3. Automate common inquires with self-service capabilities
With modern digital customer experience tools, self-service is no longer restricted to voice interactions. Analyze frequently asked questions, simple agent transactions (whether through voice, web chat, SMS, etc.), and customer survey responses to decide which processes are the most suitable for automation. Use digital workflow routing capabilities to provide self-service to customers through email auto-acknowledgements, automated web chat responses, and even inbound and outbound SMS inquiries.
Self-service options offer a significant opportunity to improve the customer experience and reduce costs. They have a critical role to play in your digital customer experience. But, take nothing for granted. There are plenty of examples of organizations that fail to empathize sufficiently with customer frustrations around automation. These organizations then establish self-service options that don’t meet customer expectations
4. Prepare for the full scope of digital channels
Whether it’s social, web chat, email, or SMS, all channels represent some level of importance to your customers. If you aren’t ready to apply the full scope of options, identify which channels are most important to your business based on your target demographic and the nature of your customer relationships, and leverage a modular approach that lets you scale up and out over time, and plug in specific capabilities where applicable. Mobile apps are the fastest growing digital channel today. Make sure you’re in a position to take advantage of this channel and other trends when the time is right, without having to re-engineer your entire infrastructure.
5. Empower your agents
Deploy state-of-the-art tools that enable employees to work efficiently and with flexibility:
Select the right phone solution for seamless integration with remote agents, CRM, chat/presence engines, and other business processes
Define unified communications capabilities to ensure customer queries can be resolved first time by empowering agents to instantly locate, message or conference-in subject matter experts to obtain immediate answers
Provide special service levels for VIP customers by profiling, identifying, and prioritizing them through skills-based or preferred agent routing
Offer call-back services and self-service options to smooth out peaks and extend availability
Implement mobile solutions to allow agents and supervisors to work from anywhere at any time
Use analytics and reporting to enable root-cause analysis and improve future processes
Consider work force management solutions to help predict call volumes and optimize resourcing
Include call recording to meet regulatory compliance and for training purposes
6. Run a tight ship
Build a modern and reliable customer service environment that integrates traditional ACD with sophisticated voice and digital workflow processes and multiple customer contact points. Ensure business continuity with robust and highly resilient communications solutions designed to provide seamless and uninterrupted service, and no loss of reporting or real-time capabilities during hardware failure or network outages. Most importantly, wherever possible, leverage virtual networking and process options to reduce hardware and operations costs.

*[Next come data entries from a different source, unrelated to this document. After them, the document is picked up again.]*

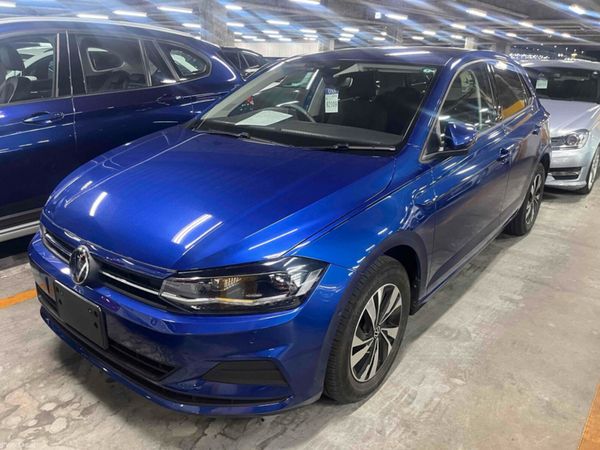 Volkswagen Polo Hatchback, Petrol, 2021, Blue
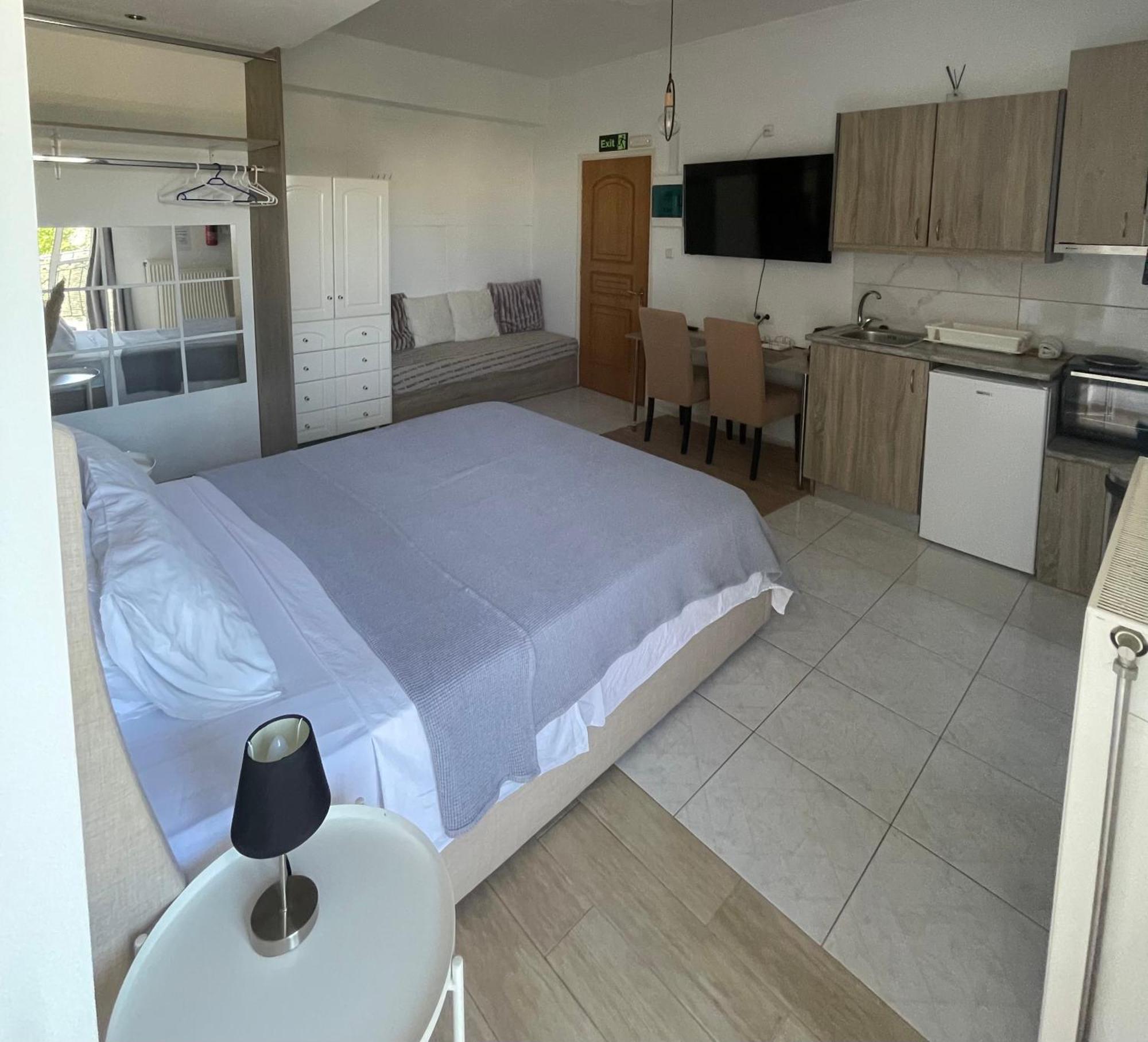 Greece Apartments Now Patras Dış mekan fotoğraf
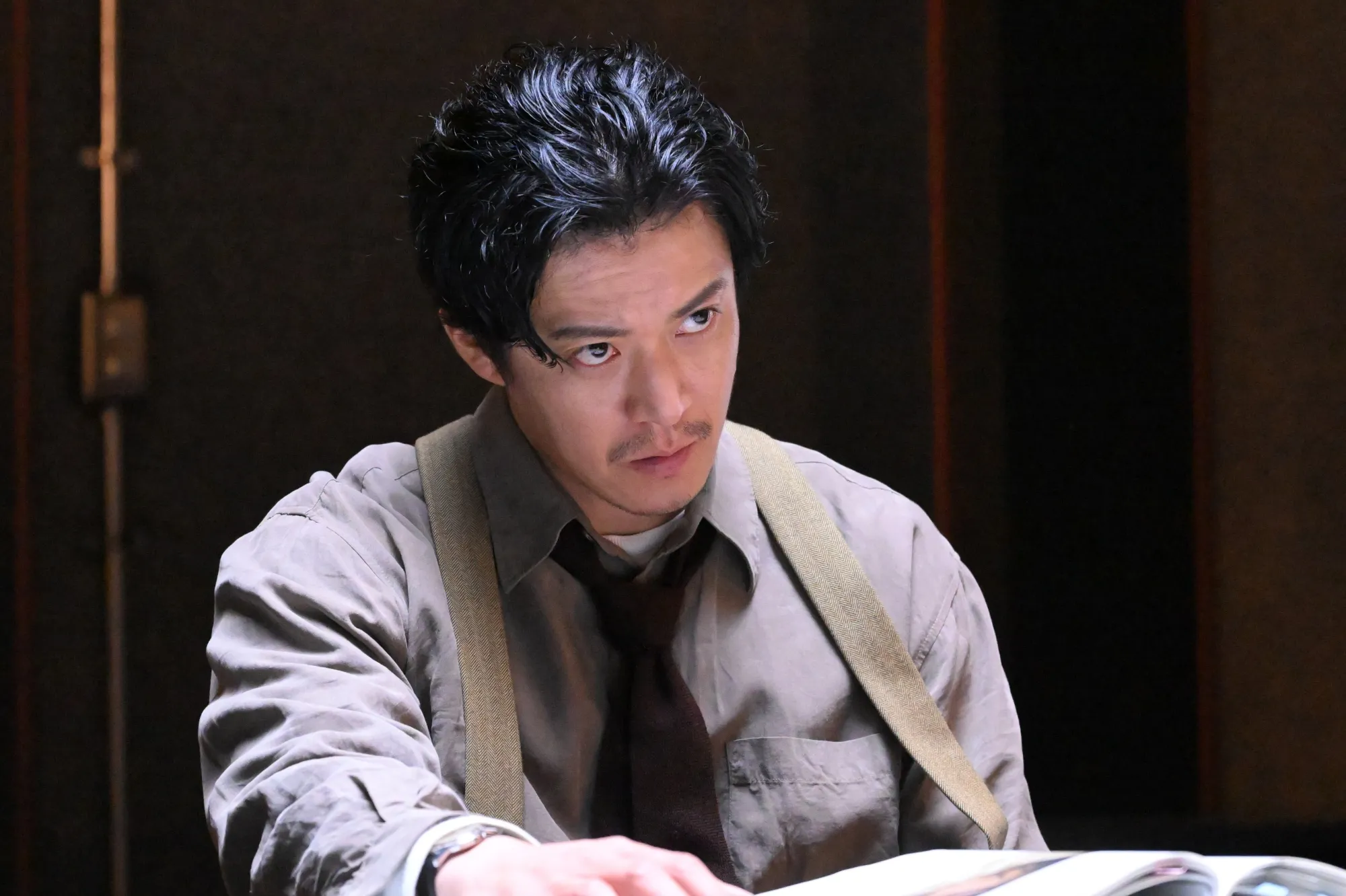 小栗旬在《氣體人第一號》中飾演追查氣體人的刑警。(圖/Netflix提供)
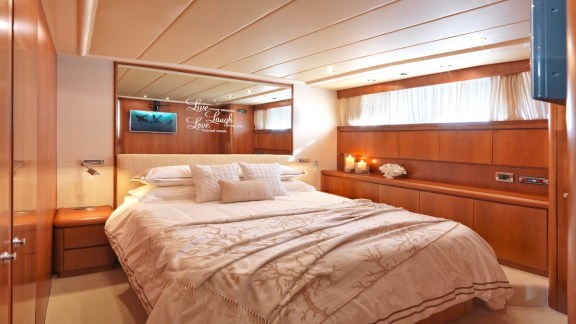 Image of MANTRA yacht #15
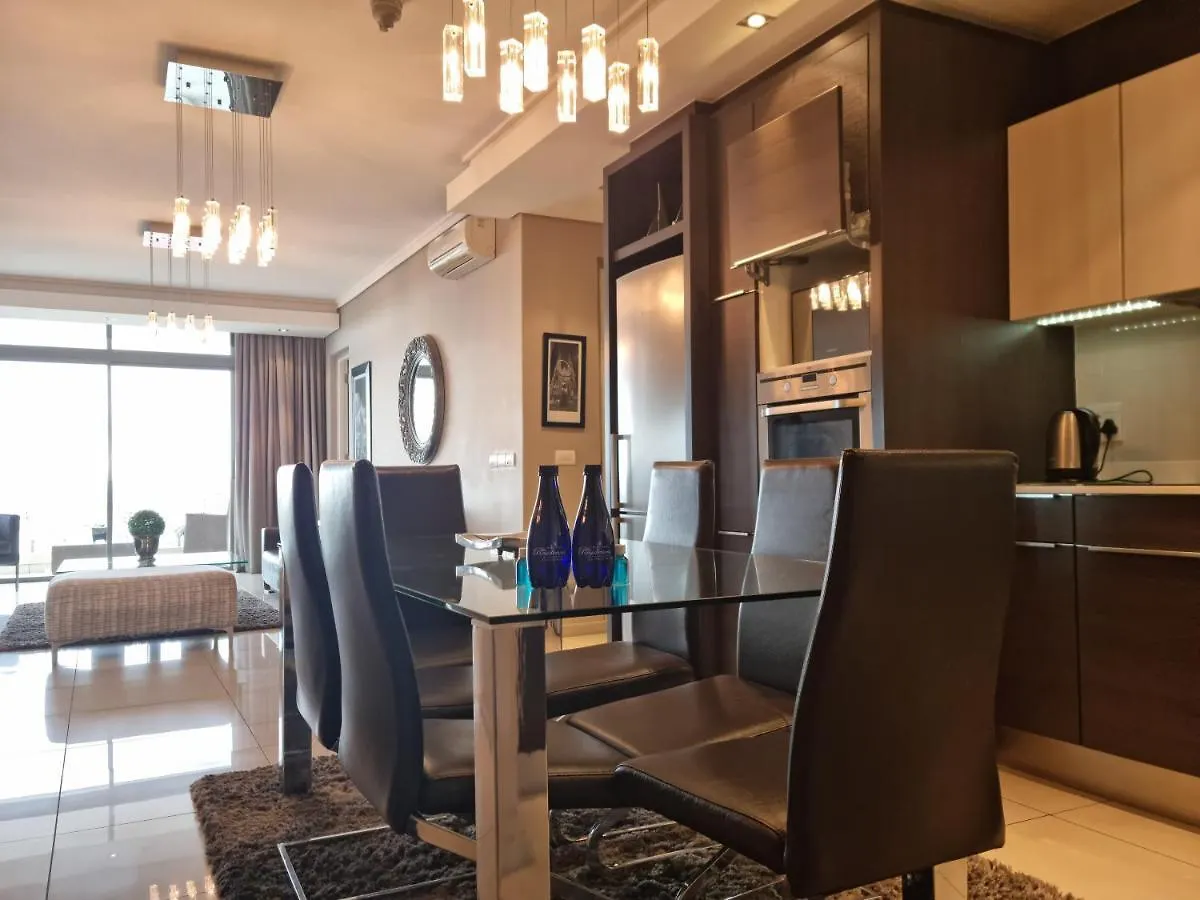 Aparthotel The Residences At Crystal Towers Cape Town
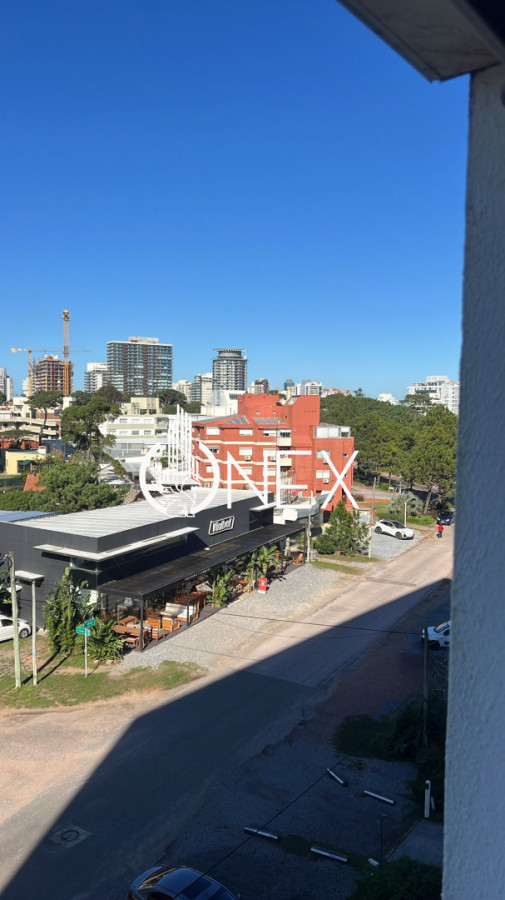Apartamento ID.1710 - Oportunidad de Alquiler Monoambiente Anual o invernal  en Punta del Este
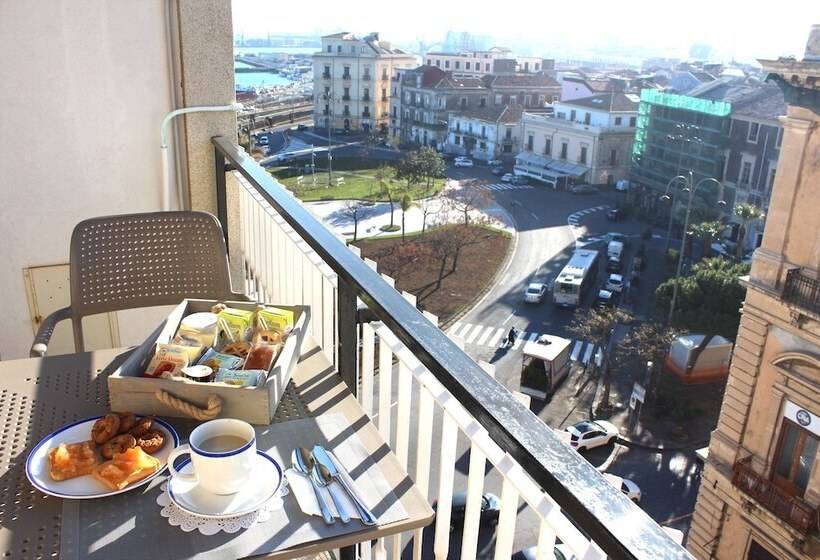 غرفة قياسية مزوَّدة بشُرفة, B&b Oblo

7. Apply effective management and reporting metrics
Maintain constant business and operational visibility over the customer experience you provide by leveraging feature-rich, real-time management and reporting tools.
Integrate management capabilities, such as quality monitoring, call recording, outbound dialing, and campaign management.
Ensure you can “join the dots” at the management and agent level by combining the power of multiple management applications. For example, potential spikes in demand can be predicted via global social media monitoring and addressed immediately through agent workforce scheduling. Similarly, reporting and call recording can provide insights on scheduling, agent metrics, and campaign performance.